Now you may be asking yourself "Why, pray tell, does the world need another snarky sports blog, much less one without a specific raison d'etre?" After all, there are plenty of sportsblog niches left. Nobody's covering the first through fourth innings of the Carolina Mudcats' home games, for example. Or Duke football highlights (a short blog, admittedly). Or, well, you get the idea. But there are a host, nay, a plethora of sports blogs that deign to comment on everything. Whether this is a result of a truly renaissance approach to sports coverage, a lack of focus on other bloggers' parts, or simply the "ooh, shiny!" principle is irrelevant. This blog is going to exist because, while there may be other sports blogs out there that are well-written, insightful, funny, thought-provoking, and superb, they all have in common one thing:
Someone else is writing them.
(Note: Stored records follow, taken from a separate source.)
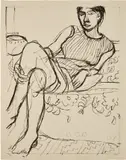 Seated Woman in a Striped Dress, from Seated Woman series by Richard Diebenkorn, 1965, Lithograph, on Arches paper, with full margins, sold Apr 2019
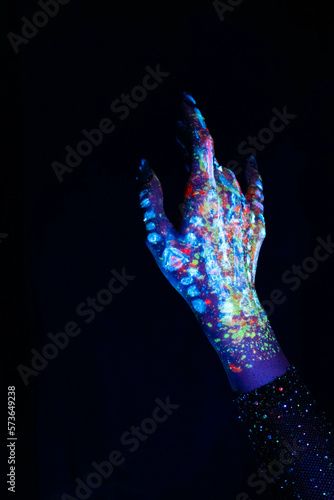 Modern psychedelic creative element with human palm for posters, banners, wallpapers. Two hands in pop art collage style in neon bold colors. Copy space for text. Magazine style. Zin culture. © Yuliia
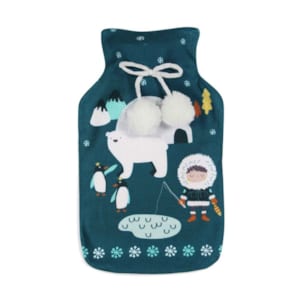 Bouillotte Noël 2 Litres Avec Housse Polaire Renne Et Flocons - Chaud, Confortable, Pour Douleurs Musculaires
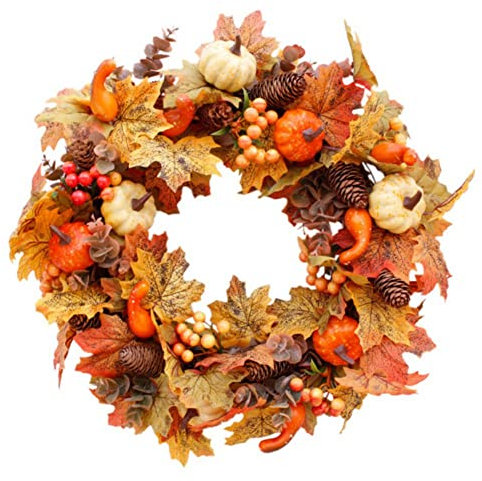URMAGIC Couronne d'automne pour porte d'entrée, 45/50 cm, couronne de récolte d'automne avec baies et feuilles d'érable, couronne de Thanksgiving, couronne de porte d'automne, décoration de
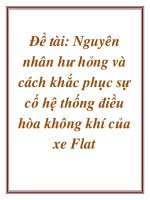 Đề tài: Nguyên nhân hư hỏng và cách khắc phục sự cố hệ thống điều hòa không khí của xe Flat docx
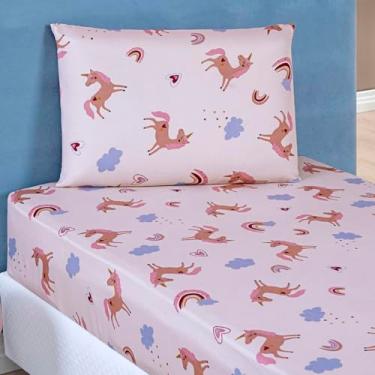 Imagem de Jogo De Lençol Bouti Kids 2 Peças Infantil Menino Menina Decora Quarto (Unicórnio)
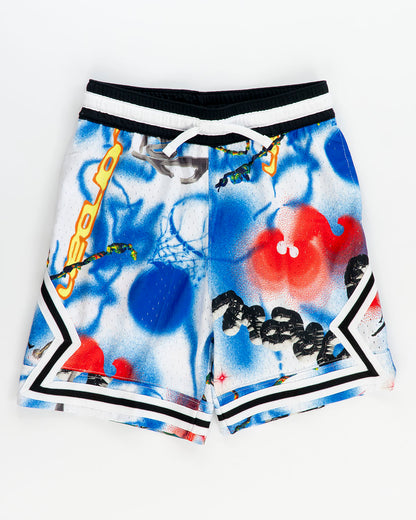 Pantaloncino tipo basket a fantasia bluette JORDAN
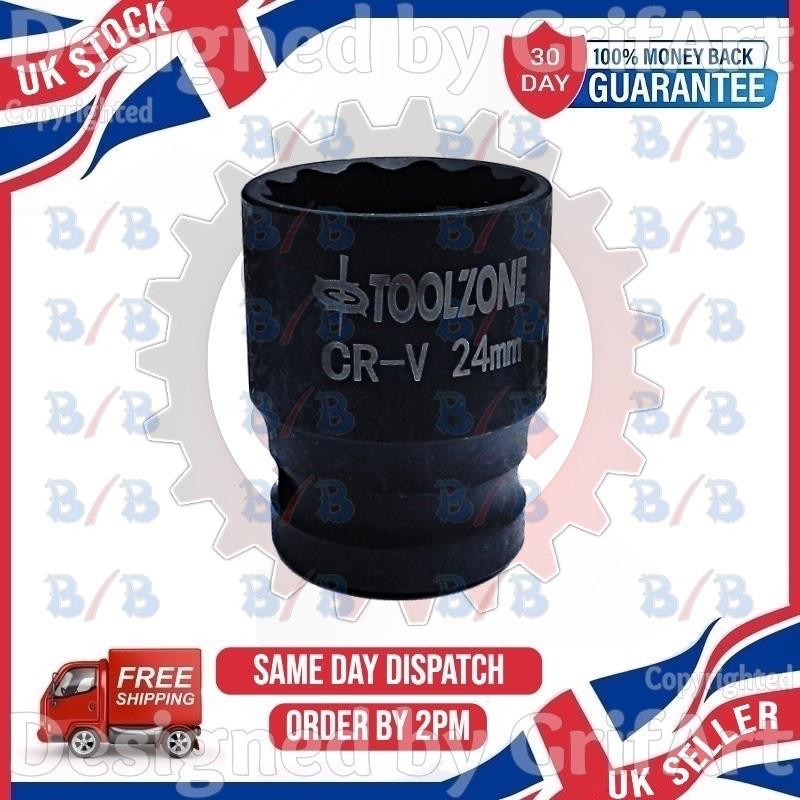 24MM SHALLOW IMPACT SOCKET 1/2″ DRIVE STUBBY METRIC 12 POINT BI HEX FOR RATCHET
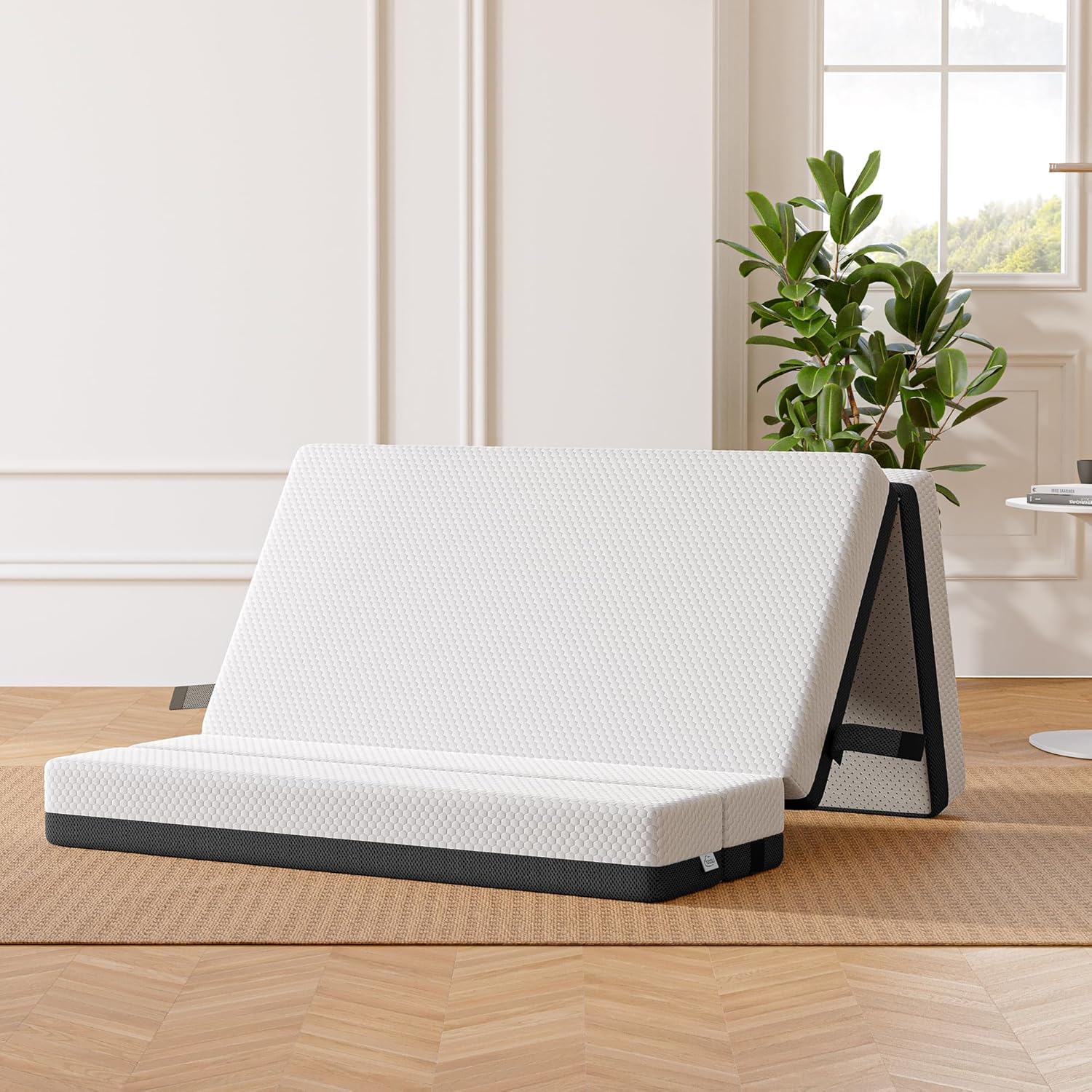 TeQsli Gel Klappmatratze 15 cm Höhe, Gästematratze, 4-teilige Faltmatratze & 3-in-1 Schlafsofa mit waschbarem und abnehmbarem Bezug, Öko-Tex & CertiPUR Zertifiziert (90x200x15cm)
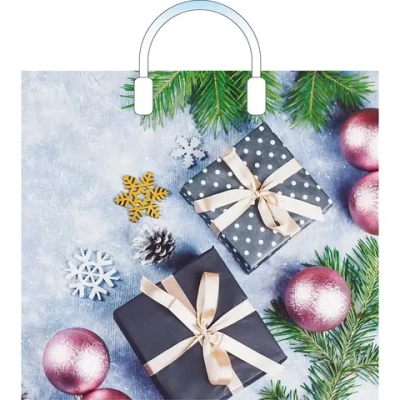 Пакет ПЭ с пластмассовыми ручками 38+3Артпласт НГ х150 (Подарки (комплект 10 шт)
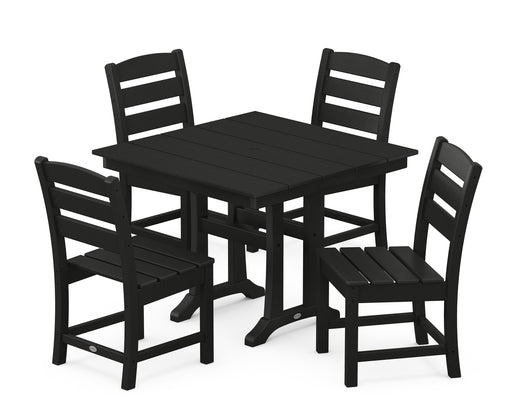 POLYWOOD Lakeside 5-Piece Farmhouse Trestle Side Chair Dining Set in Black image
And that, sadly enough, is enough reason to add yet another to the fray.
What you will find here, then, is a mixed bag. Some of it will be vaguely stat-oriented. Some of it will be humorous. Some of it may be written in best faux-Hemingway style. Hopefully, most of it will be grammatically correct, spelled appropriately, and written in a way so as to make for pleasurable reading. It will cover whatever is drawing the ire or attention of those who write here at the moment, and beyond that, I can promise nothing except a best effort and a willing hand. Well, that and some really obscure subreferences, but you knew that was coming.